Société-Économie

500 personnalités appellent à un "lundi vert" sans viande ni poisson

Cap ou pas cap de bannir viande et poisson de vos repas du lundi ? Le mouvement "Lundi vert" met les Français au défi de s'en passer une fois par semaine, dès ce 7 janvier.

Par Pauline Vallée I Publié le 4 Janvier 2019


"Pour la planète, la santé et les animaux." Plus de 500 personnalités ont signé ce jeudi 3 janvier une tribune dans le quotidien Le Monde pour promouvoir l’instauration d’un "Lundi vert". Elles s’engagent à ne plus consommer de viande ni de poisson les lundis, à compter du 7 janvier, et encouragent les Français à en faire de même.

Parmi les signataires figurent plusieurs militants bien connus de la transition écologique, comme l’essayiste Pierre Rabhi ou l’écrivain Julien Vidal. Mais également des artistes (Isabelle Adjani, Marie-Claude Pietragalla, Cécile de France...), des sportifs, des scientifiques, des chercheurs ainsi que des politiques comme le député LREM et mathématicien Cédric Villani ou l’ancien ministre de l’Éducation nationale Luc Ferry.


Diminuer les risques de diabète et de cancer

Pour les auteurs de la tribune, instaurer un "lundi sans viande" doit s'inscrire dans une démarche globale de réduction de la consommation de produits carnés. Pour la planète, mais aussi pour notre santé : manger moins de viande diminuerait les risques de maladies cardiovasculaires, de diabète et d’obésité.

Aujourd’hui, les Français qui consomment près de 100 g de viande chaque jour augmentent de 30 % leur probabilité de développer un cancer en comparaison à ceux qui se limitent à 40 g en moyenne", soulignent-ils.
 

Le manifeste du lundi vert rappelle également le coût écologique de la production de viande. Outre ses conséquences sur la déforestation et la perte de biodiversité, l’élevage contribue pour 14,5 % aux émissions totales de gaz à effets de serre, selon les Nations Unies. Une étude parue dans la revue Nature en octobre dernier estime que la population mondiale devrait réduire de 90 % sa consommation de boeuf et de 75 % sa consommation de porc d'ici 2050 pour préserver la planète.

Enfin, les conditions parfois scandaleuses d'élevage et d'abattage des animaux constituent un argument supplémentaire pour appeler à changer de diète.

Une tendance de fond

L’initiative du Lundi vert participe d'un mouvement plus large.
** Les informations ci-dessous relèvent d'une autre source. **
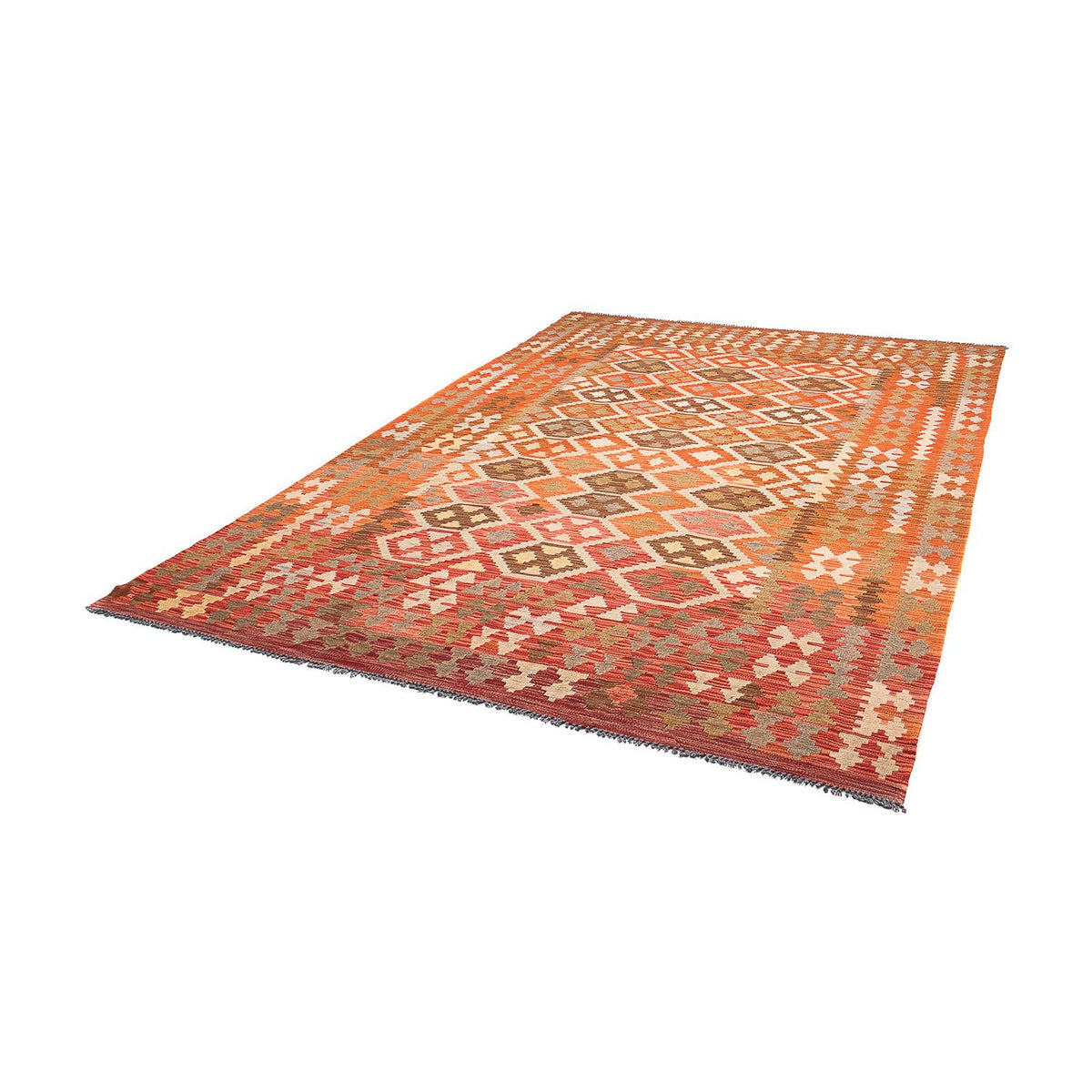 Tapis Kelim - Splash - 300 x 205 cm - multicolore
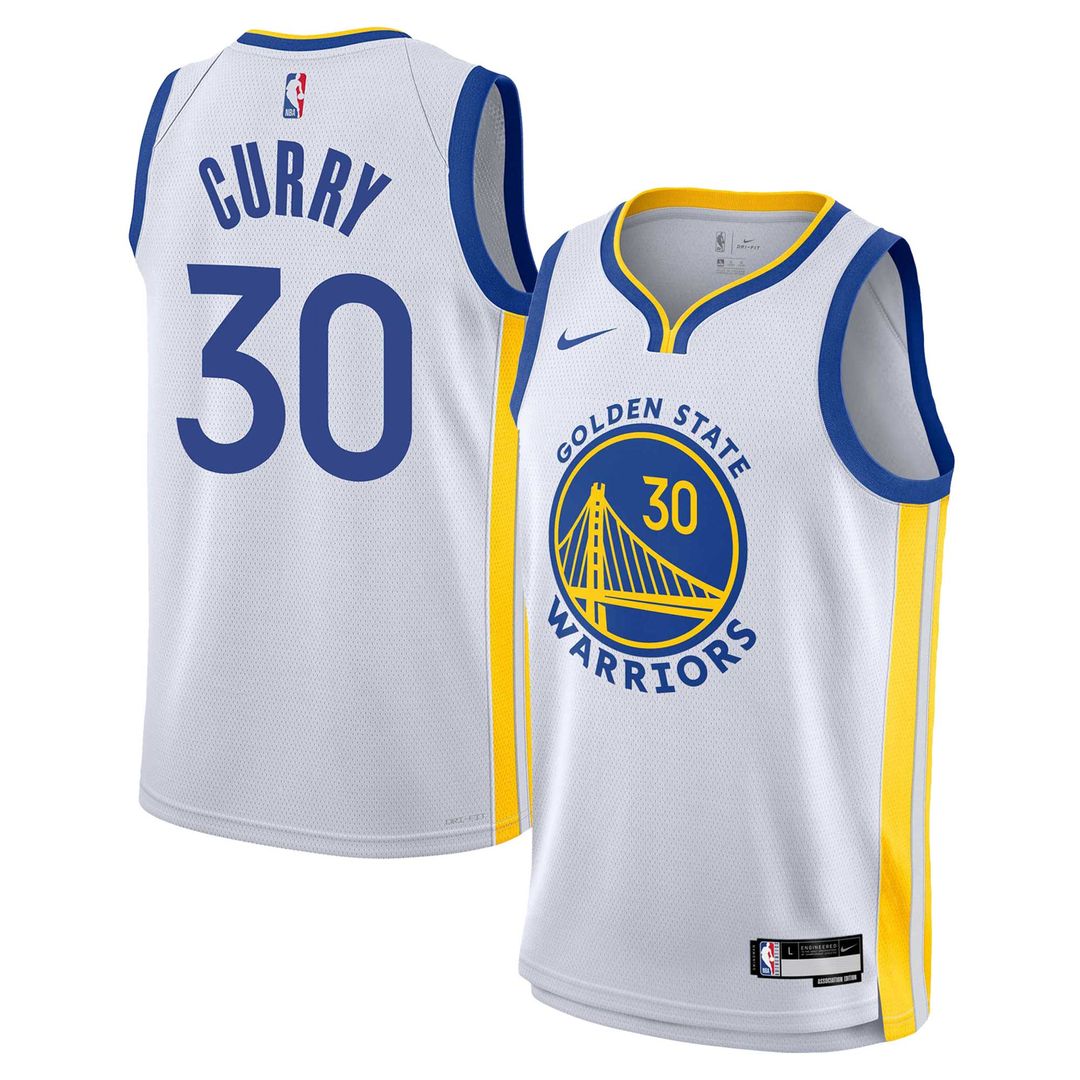 Golden State Warriors Stephen Curry Nike Youth Swingman Jersey - Association Edition - White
Il s’inspire du Meatless Monday, une campagne internationale lancée en 2003 par l’Ecole de Santé Publique Johns Hopkins de Baltimore, qui regroupe une quarantaine de pays dans le monde. 

Sur les réseaux sociaux, le lancement n’est pas passé inaperçu et les avis sont partagés. Certains s’enthousiasment tandis que d’autres s’agacent de la verticalité d’un tel mouvement, porté par une minorité très médiatisée. Des internautes regrettent également que l’accent soit mis sur les choix individuels au détriment de la responsabilité de l'industrie agroalimentaire.
 


En lien avec l’opération, les volontaires peuvent rejoindre une expérience de recherche sur le changement alimentaire menée par des chercheurs du CNRS, de l’INRA et de plusieurs universités françaises. Il suffit pour cela de remplir un formulaire en ligne en décrivant son régime alimentaire (vegan, végétarien, flexitarien, omnivore).

Les participants pourront ensuite recevoir des conseils chaque lundi par mail ou par SMS pour remplacer les produits carnés dans leur assiette par des alternatives végétales. Une habitude à laquelle les Français semblent prendre goût: selon une étude publiée par le Crédoc en septembre 2018 , la consommation nationale de viande est en recul constant depuis vingt ans.